━━ Input data

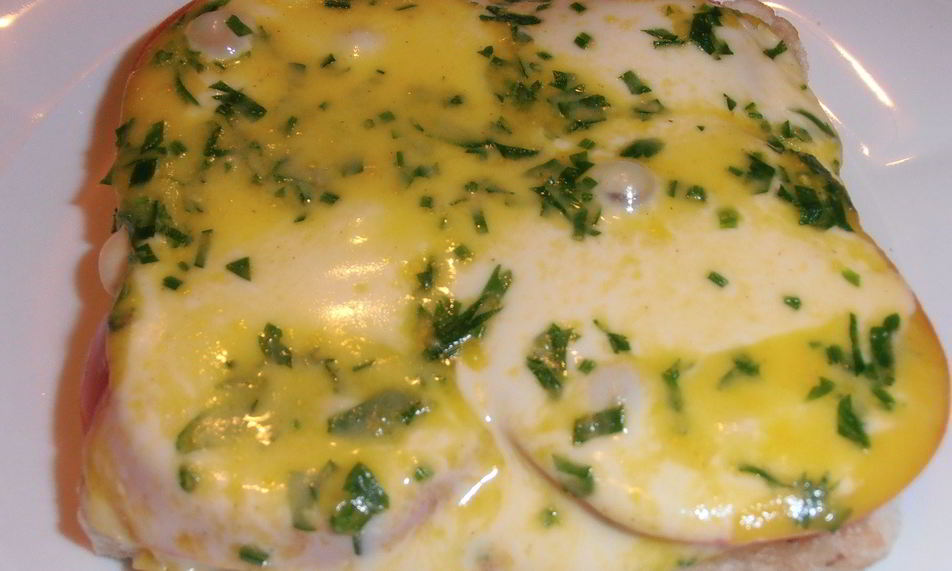 Рецепт пикантного бутерброда с анчоусным маслом и помидором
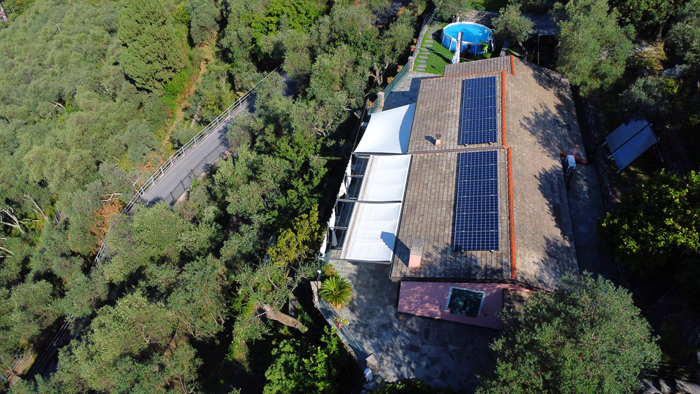 moduli-fotovoltaici su tetto - visione dall'altro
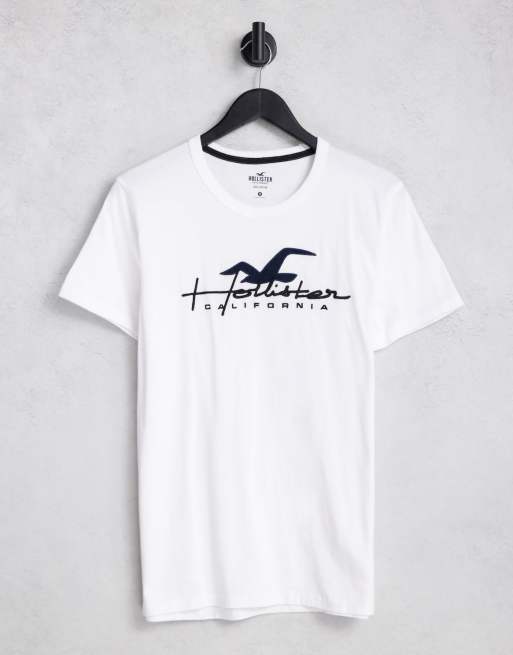 Hollister logo deals graphic tee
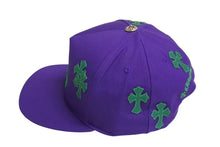 画像をギャラリービューアに読み込む, 新品未使用 CHROME HEARTS クロムハーツ 5パネル クロスパッチ ベースボールキャップ ONESIZE 9パッチ パープル グリーン 中古 4b002318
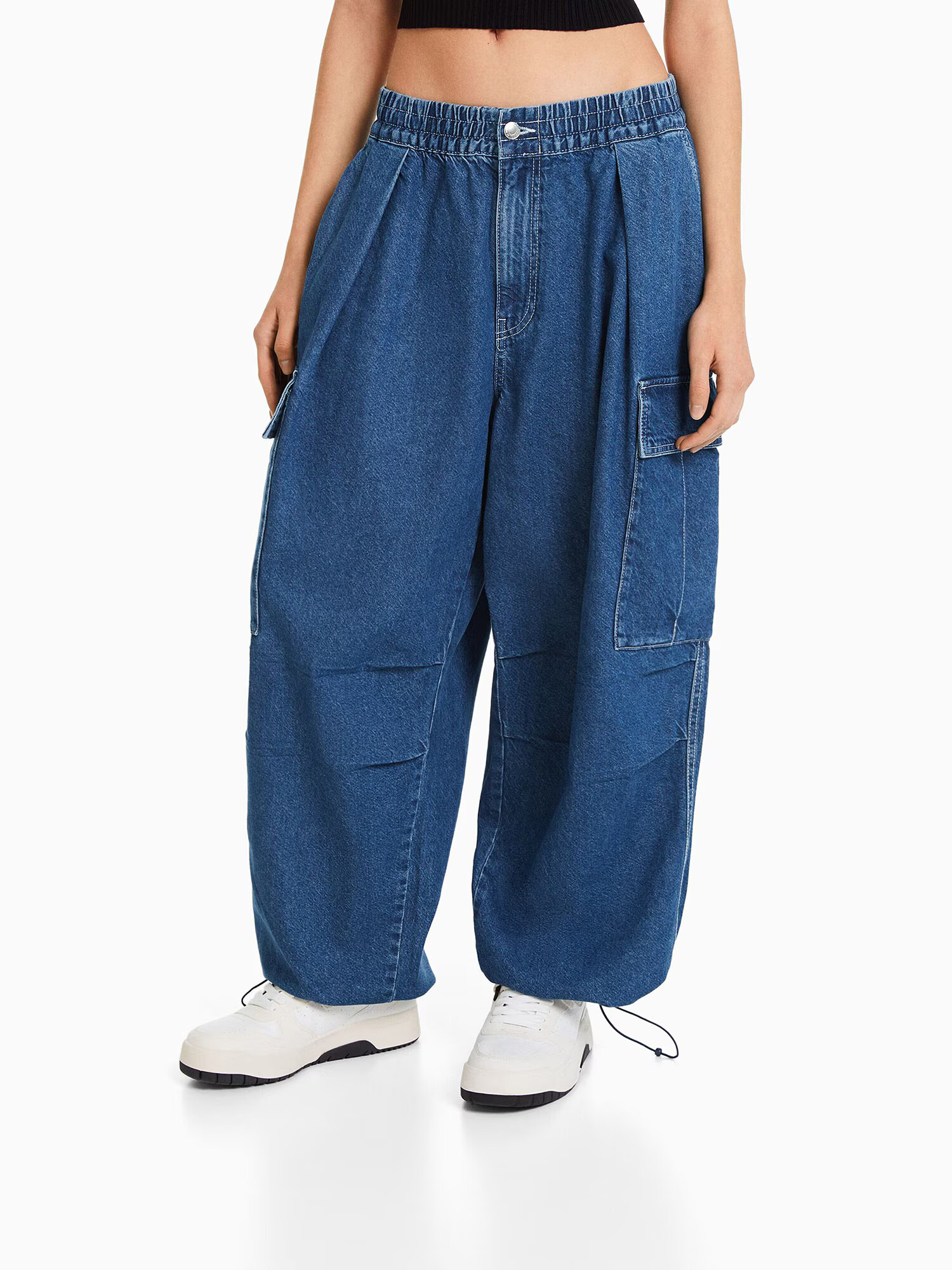 Bershka Pantaloni eleganți albastru denim - Pled.ro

━━━━

## Work request
Please restate word for word the lines above, starting with the line that holds "画像をギャラリービューアに読み込む, 新品未使用 CHROME" and ending with the final line of the records, while leaving out pictures.

## Answer to this problem
 画像をギャラリービューアに読み込む, 新品未使用 CHROME HEARTS クロムハーツ 5パネル クロスパッチ ベースボールキャップ ONESIZE 9パッチ パープル グリーン 中古 4b002318
 Bershka Pantaloni eleganți albastru denim - Pled.ro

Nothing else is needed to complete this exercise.